Ни прошедшие века, ни принадлежность к иной культуре, иной ментальности не становятся препятствием для любви.
Кстати, Моцарт, ставший персонажем одной из пушкинских «Маленьких трагедий» (именно у Пушкина Сальери произносит: «Ты, Моцарт, бог, и сам того не знаешь…»), как никто схож с Пушкиным. Более того, есть версия, что Пушкин и Моцарт — разные воплощения одной и той же души путем реинкарнации. Мысль, конечно, экзотическая, но, признаем, не лишенная изящества. В самом деле, может ли кто сравниться с этими двумя — по интенсивности излучаемого ими сияния, которое не угасает по прошествии столетий.
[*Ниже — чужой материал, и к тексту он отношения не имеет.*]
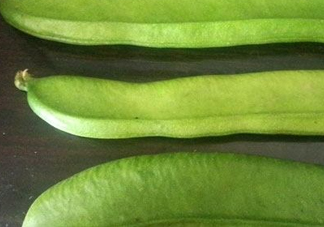 刀豆是四季豆嗎？刀豆和四季豆的區(qū)別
Когда Пушкин умер, был опубликован его портрет-гравюра, под которым было написано: «Угас огонь на алтаре». Позднее Иван Тургенев, обращаясь к памятнику Пушкину, сказал: «Это памятник учителю». Пушкина русские литераторы называли и «наше всё», и «солнце русской поэзии». Признаем, что все эти слова отражают и наши чувства к Пушкину.
В своих воспоминаниях Владимир Даль пишет, что, когда Пушкин умирал, он говорил ему: «Подымай же, подымай выше, идем выше, идем выше». «И действительно, — замечает Анатолий Кони в своей речи на торжественном заседании в Доме литераторов в 84-ю годовщину со дня смерти Пушкина 11 февраля 1921 г., — с тех пор Пушкин начал подниматься все выше и выше, и в настоящее время он поднялся в нашем сознании на огромную высоту».
Кого еще можно поставить с Пушкиным и Моцартом? («Битлз» — вот первое, что приходит на ум мне, родившейся через пятнадцать лет после того, как группа распалась, и через пять лет после смерти Джона Леннона.)
Солнечность, любовь к жизни, позитив в каждом движении души, присущие Пушкину, вызывают восторг, восхищают, очаровывают. Они — из тех, с кем непременно хочется встретиться в вечной жизни, если таковая нам суждена. Не идолы, но друзья.